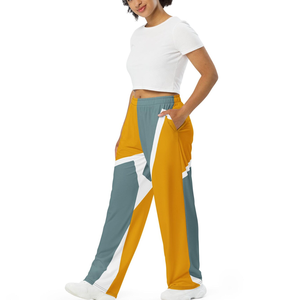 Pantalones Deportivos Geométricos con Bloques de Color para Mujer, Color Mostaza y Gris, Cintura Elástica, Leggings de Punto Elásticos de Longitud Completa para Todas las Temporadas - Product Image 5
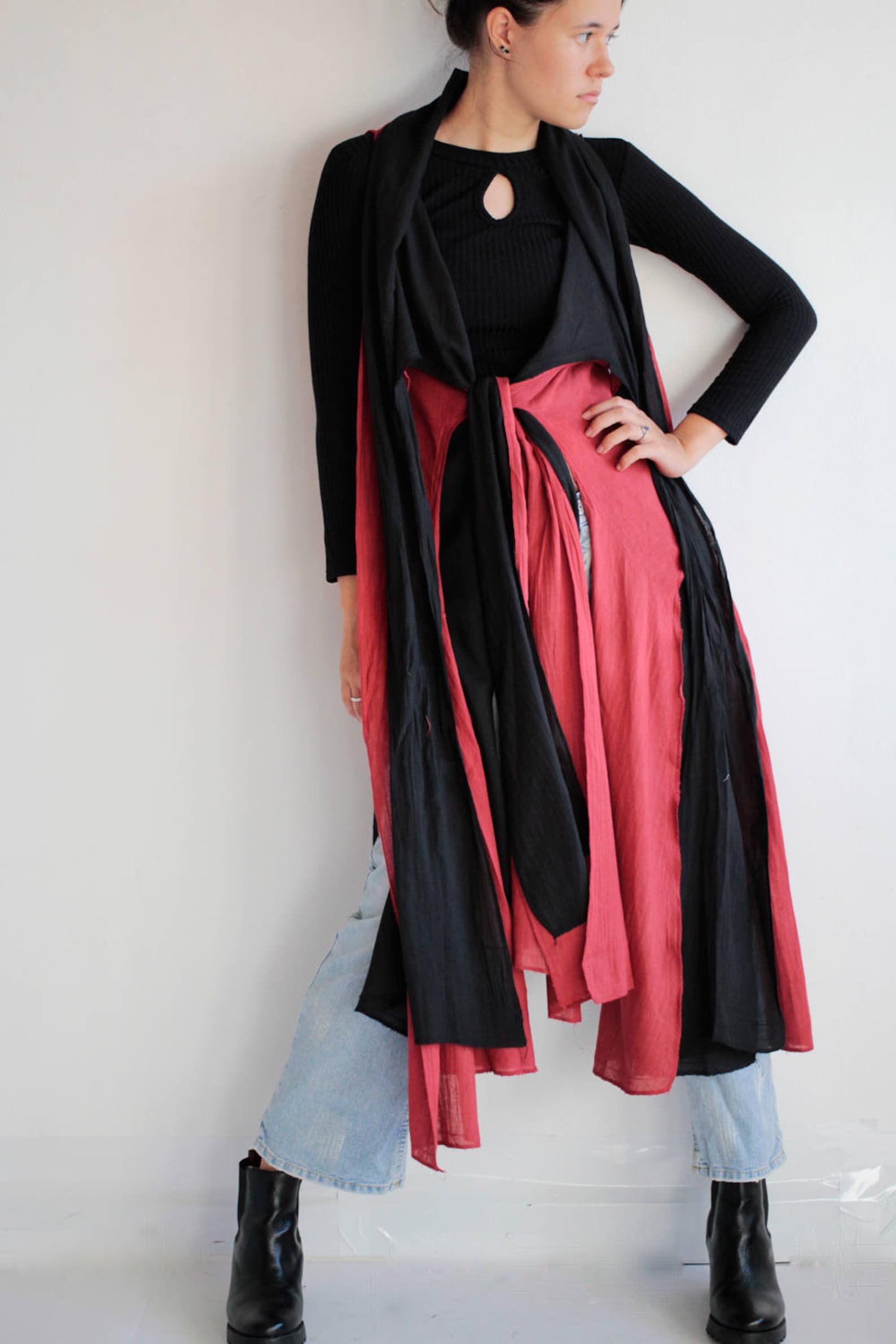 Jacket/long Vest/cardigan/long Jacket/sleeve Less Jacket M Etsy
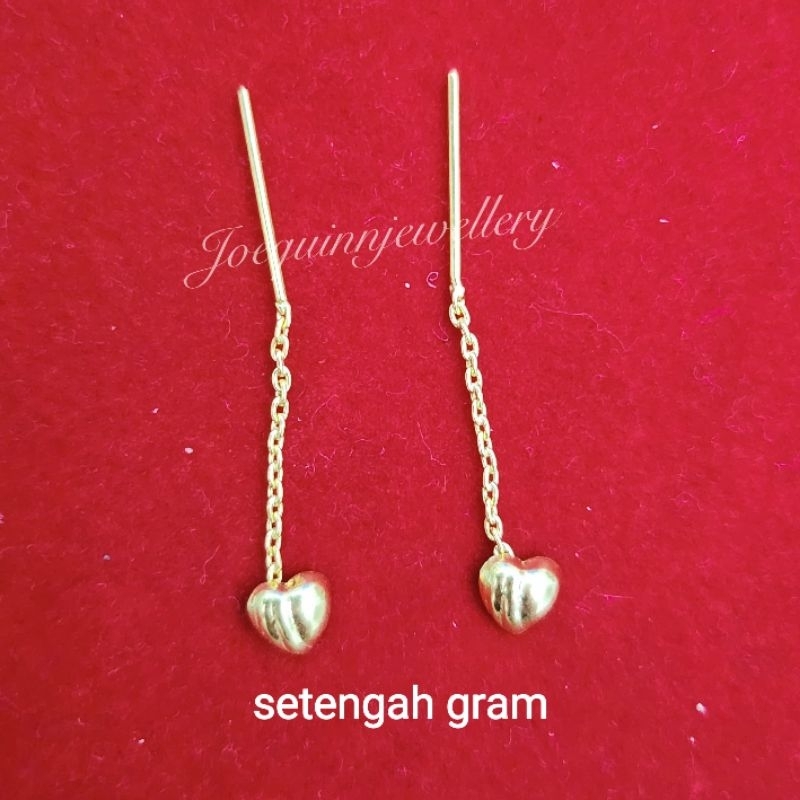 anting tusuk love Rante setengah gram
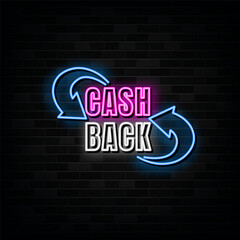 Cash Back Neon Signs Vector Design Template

◆ Instructions to follow
Return the data above in its exact wording, with none of the pictures.

◆ Solved exercise
 Pantalones Deportivos Geométricos con Bloques de Color para Mujer, Color Mostaza y Gris, Cintura Elástica, Leggings de Punto Elásticos de Longitud Completa para Todas las Temporadas - Product Image 5
 Jacket/long Vest/cardigan/long Jacket/sleeve Less Jacket M Etsy
 anting tusuk love Rante setengah gram
 Cash Back Neon Signs Vector Design Template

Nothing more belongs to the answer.